Viernes, 10 de marzo de 2006 | Hoy
A MANO ALZADA › (OTRA MIRADA SOBRE HARPER LEE)
Por María Moreno
"Cherchez la femme” puede sonar a broma al hablar de la vida de Truman Capote, autoproclamado genio homosexual en busca de la santidad. Sin embargo, en la investigación de A Sangre Fría Capote contó con una pareja femenina sin la cual él hubiera desistido de un proyecto que, en principio, se limitaba al registro literario de los efectos del crimen de una familia (los Clutter) entre los habitantes de un pueblo del medio oeste, famoso por el azúcar de remolacha y la iglesia llena el domingo en la mañana, pero que pronto y a pesar de las acusaciones que le hicieron de desear la ejecución de los asesinos como garantía de un final excitante, derivó en un alegato contra la pena de muerte. Antes de ver Capote de Bennett Miller es posible conocer, a través de Truman Capote, la biografía, de Gerald Clarke, el lugar de Della Harper Lee en el libro para el que fue acuñada la expresión non fiction.
Harper Lee era una amiga de infancia de Capote, autora de la novela Matar un ruiseñor, quizás una pionera de las sagas de abogados, que en 1959 aún estaba inédita pero que año más tarde ganaría el premio Pulitzer. Había nacido en Monroeville y, aunque se había limado en la elite de Nueva York, conservaba el conocimiento profundo de los personajes abstemios y republicanos que crecen en los pueblitos del estado de Kansas y cuyas relaciones con los varones amanerados solía ir, al menos en la década del ’50, desde la injuria de “marica” hasta el linchamiento, sin merecer los atenuantes de la indulgencia religiosa. La voz de Capote equivalía a una salida del closet con un altoparlante en la mano. Fue ella quien les hizo el entre a los vecinos de Holcomb, en los términos de éstos y adoptando sus puntos de vista, para que, poco a poco, pudieran abrirse ante el foráneo fiestero a quien se había visto llorar al abrir una encomienda enviada de Nueva York que contenía un pote de caviar. Capote y Lee tomaban testimonio por separado, sin grabador ni anotador, librados a sus propios juegos nemotécnicos. Al llegar al hotel Warren, donde se alojaban, anotaban su versión de las entrevistas y luego, delante de una copa, iniciaban la reconstrucción.

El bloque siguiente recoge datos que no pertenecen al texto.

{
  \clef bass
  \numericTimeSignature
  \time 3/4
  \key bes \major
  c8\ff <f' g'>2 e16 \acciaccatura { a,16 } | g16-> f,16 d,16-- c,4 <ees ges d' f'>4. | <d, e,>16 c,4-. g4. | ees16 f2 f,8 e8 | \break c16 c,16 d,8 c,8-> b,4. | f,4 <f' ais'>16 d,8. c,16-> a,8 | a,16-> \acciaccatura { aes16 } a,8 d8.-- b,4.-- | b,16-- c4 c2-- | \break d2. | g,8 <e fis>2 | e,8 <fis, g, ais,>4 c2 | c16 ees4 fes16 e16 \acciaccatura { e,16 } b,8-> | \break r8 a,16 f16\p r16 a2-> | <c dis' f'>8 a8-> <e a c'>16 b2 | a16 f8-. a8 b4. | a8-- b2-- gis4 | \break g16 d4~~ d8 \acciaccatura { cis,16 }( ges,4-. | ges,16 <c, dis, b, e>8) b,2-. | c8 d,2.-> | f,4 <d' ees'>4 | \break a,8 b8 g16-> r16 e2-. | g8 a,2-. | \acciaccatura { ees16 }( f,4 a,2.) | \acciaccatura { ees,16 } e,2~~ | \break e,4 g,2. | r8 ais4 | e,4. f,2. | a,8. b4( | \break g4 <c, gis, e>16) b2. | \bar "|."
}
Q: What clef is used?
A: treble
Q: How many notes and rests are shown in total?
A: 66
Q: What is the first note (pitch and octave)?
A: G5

La simpatía despertada por Harper Lee en la reportera local Dolores Hope fue el punto de partida para la tolerancia. El día de Navidad, Dolores convenció a su marido de que compartieran su pavo con la gente que no tenía dónde ir. Holcomb cayó estrepitosamente a los pies de Capote, con sólo permitirle la entrada a un living y que abandonara las preguntas por el monólogo cuajado de nombres propios y chistes subidos, de conocimientos capaces de fundir con facilidad la moda y las letrinas. Harper Lee fue también la testigo del amor-identificación de Capote con uno de los asesinos, Perry Smith, cuyo destino parecía haber cristalizado una de las posibilidades del propio-similar origen de clase, asilo, padres alcohólicos.

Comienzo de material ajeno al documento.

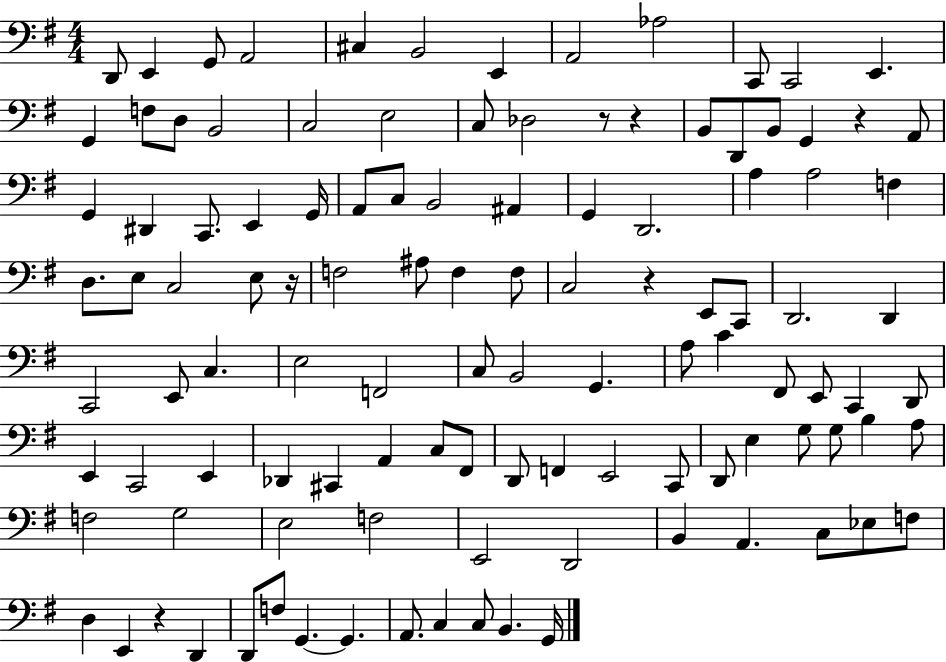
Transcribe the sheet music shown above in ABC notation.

X:1
T:Untitled
M:4/4
L:1/4
K:G
D,,/2 E,, G,,/2 A,,2 ^C, B,,2 E,, A,,2 _A,2 C,,/2 C,,2 E,, G,, F,/2 D,/2 B,,2 C,2 E,2 C,/2 _D,2 z/2 z B,,/2 D,,/2 B,,/2 G,, z A,,/2 G,, ^D,, C,,/2 E,, G,,/4 A,,/2 C,/2 B,,2 ^A,, G,, D,,2 A, A,2 F, D,/2 E,/2 C,2 E,/2 z/4 F,2 ^A,/2 F, F,/2 C,2 z E,,/2 C,,/2 D,,2 D,, C,,2 E,,/2 C, E,2 F,,2 C,/2 B,,2 G,, A,/2 C ^F,,/2 E,,/2 C,, D,,/2 E,, C,,2 E,, _D,, ^C,, A,, C,/2 ^F,,/2 D,,/2 F,, E,,2 C,,/2 D,,/2 E, G,/2 G,/2 B, A,/2 F,2 G,2 E,2 F,2 E,,2 D,,2 B,, A,, C,/2 _E,/2 F,/2 D, E,, z D,, D,,/2 F,/2 G,, G,, A,,/2 C, C,/2 B,, G,,/4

Harper Lee no es la única mujer lenguaraz en una gran investigación. El general Mansilla cuenta en Una excursión a los indios ranqueles las gestiones mediadoras de la china Carmen, cuya figura suele interponerse entre él y la violencia de los ranqueles que no quieren someterse a ser “indios argentinos”, pelean tratados e intuyen su propio final a través de la conquista del desierto. En Operación Masacre, esa investigación mayor que puede leerse como una novela, Rodolfo Walsh escribe: “Desde el principio está conmigo una muchacha que es periodista, se llama Enriqueta Muñiz, se juega entera. Es difícil hacerle justicia en unas pocas líneas. Simplemente quiero decir que si en algún lugar de este libro escribo ‘hice’, ‘fui’, ‘descubrí’, debe entenderse ‘hicimos’, ‘fuimos’”. La china Carmen no era letrada como para reclamar su parte en la crónica del viaje a los ranqueles. Enriqueta Muñiz jamás se pronunció sobre si esas frases de Walsh eran una fórmula de cortesía o un reconocimiento preciso. Harper Lee hizo su propia obra, brillante y exitosa. La crítica feminista de los años setenta que logró interesantes invenciones teóricas al demostrar que la prosa de Joyce tenía la puntuación tartamuda de las cartas de su esposa Norah tal vez se propongan rescatar la propiedad de Harper Lee entre las líneas de la prosa de Truman Capote. Quizá sea más interesante explayarse en el hecho de que muchas mujeres prefieren, en lugar de la autoría o en simultaneidad con la propia obra, ayudar a construir un autor y, mientras éste se pavonea, sentarse a mirarlo con una sonrisa de Gioconda.